Research Highlights:

[2025/10] Please checkout our recent works on agents: (1) DeepMMSearch-R1, empowering multimodal LLMs in multimodal web search; (2) UltraCUA, a Foundation Model for computer use agents with hybrid action, seamlessly integrating GUI primitives with high-level programmatic tool calls; (3) Ferret-UI Lite, where we present our lessons from building small on-device GUI agents; (4) AutoPlay, that aims to scale synthetic task generation for agents via exploration.

[2025/9] Please checkout Manzano, our recent flagship research project on unified multimodal models.

[2025/6] One paper accepted to ICCV 2025: UniVG, a generalist diffusion model for unified image generation and editing.

[2025/5] Our new image encoder work CLOC got accepted to ICML 2025.

[2025/3] Please checkout our new papers: (1) UniVG, a generalist diffusion model for unified image generation and editing; and (2) SlowFast-LLaVA-1.5, a family of token-efficient video LLMs for long-form video understanding.

[2025/2] 2 papers accepted to CVPR 2025: (1) AIMv2, an exploration of multimodal autoregressive pre-training of large vision encoders; and (2) GEA, an empirical analysis of both data and method choices in agents across robotics, planning, UI interactions, and video games.

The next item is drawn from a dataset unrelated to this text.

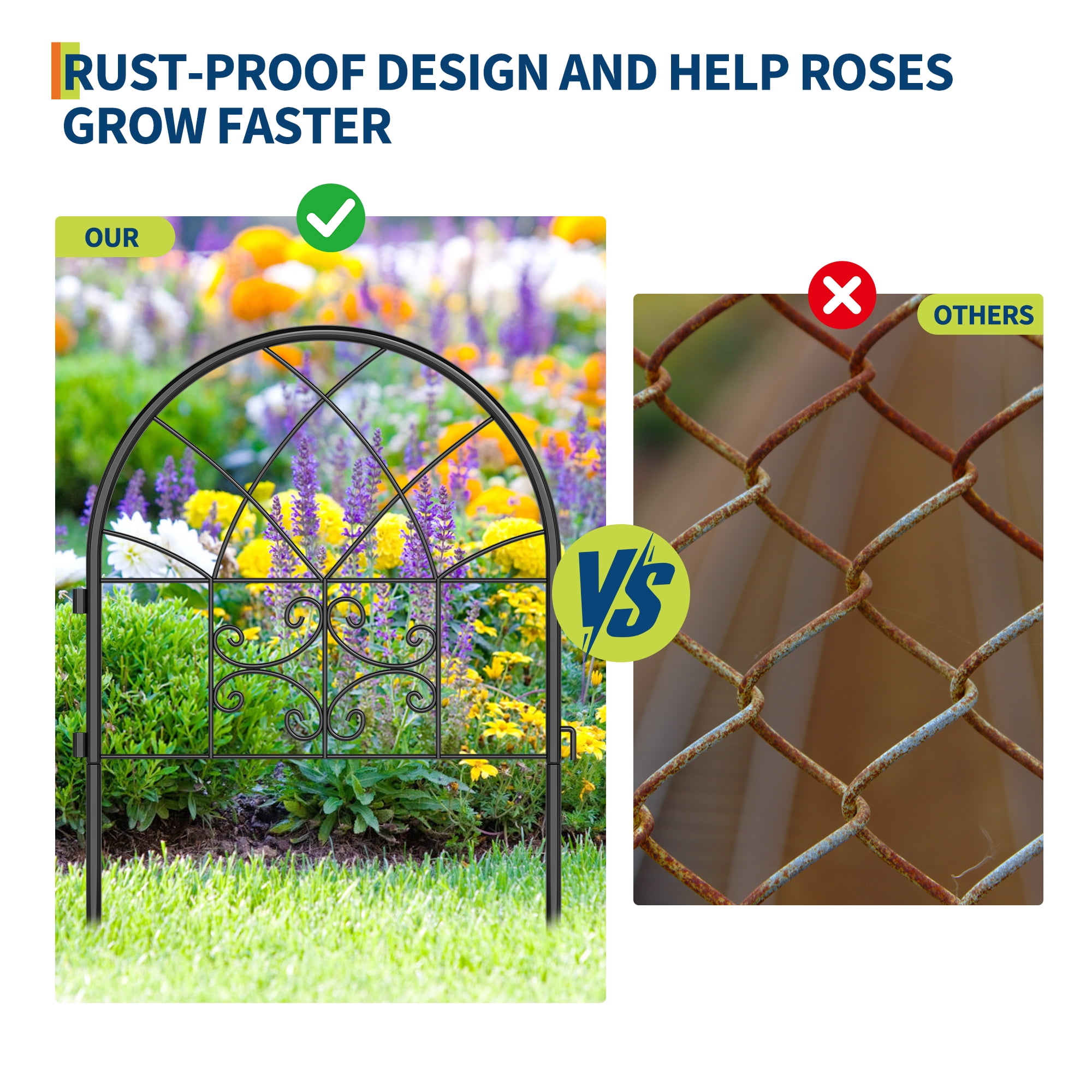 No-Dig Metal Garden Fence 8-Pack - Rustproof Panels & Gate for Outdoor Lawn, Black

[2025/1] 5 papers accepted to ICLR 2025: (1) MM1.5, a significant upgrade of MM1; (2) Ferret-UI 2, a upgrade of Ferret-UI for universal UI understanding; (3) MM-Ego, an exploration of egocentric multimodal LLMs; (4) VeCapV2, our upgrade of VeCap, and a comprehensive study of synethic image captions across CLIP, multimodal LLM, and diffusion models; and (5) MIA-Bench, a new benchmark that aims at better instruction following evaluation of multimodal LLMs.

[2024/10] Please checkout our new papers: (1) Chain-of-thought reasoning for multimodal LLMs (paper); (2) SlowFast-LLaVA, an exploration of the slow-fast idea for video LLMs; and (3) a comprehensive study of alignment in multimodal LLMs (paper).

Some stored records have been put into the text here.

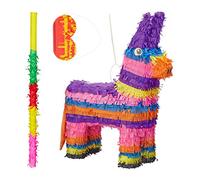 Relaxdays Piñata Infantil Burro Arcoíris XXL con Palo y Antifaz, Papel, Multicolor, 55 x 40 x 13 cm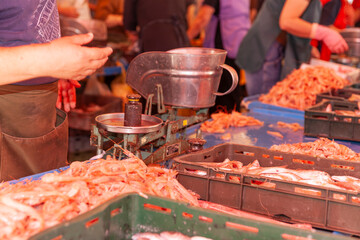 Activity on floor of fish market in Croatia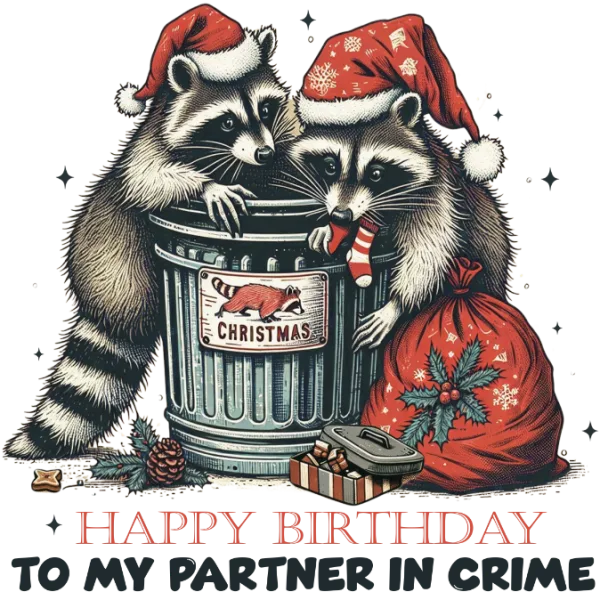 Happy Birthday To My Partner In Crime Raccoons (Christmas Themed)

[2024/7] 4 papers accepted to ECCV 2024: MM1, Ferret-UI, VeCLIP, and GRiT. Ferret-v2 got accepted to COLM 2024. Also, please checkout my talk on MM1 at CVPR 2024 tutorial and workshop (slides).

[2024/3] Please checkout our new paper MM1: Methods, Analysis & Insights from Multimodal LLM Pre-training.

[2024/2] 4 papers accepted to ICLR 2024: (1) Ferret: a new multimodal LLM that can refer and ground anything anywhere at any granularity (here), (2) MGIE: multimodal LLM for guiding instruction-based image editing (here), (3) compressing LLMs: the truth is rarely pure and never simple (here), and (4) MOFI: learning image representations from noisy entity annotated images (here).

[2023/9] Please checkout our survey paper/book on Multimodal Foundation Models: From Specialists to General-Purpose Assistants.

[2023/6] MOFI is our new vision foundation model that is designed to learn image representations from noisy entity annotated images. To achieve this, we have created Image-to-Entities (I2E), a new large-scale dataset with 1 billion images and 2 million distinct entities, covering rich visual concepts in the wild.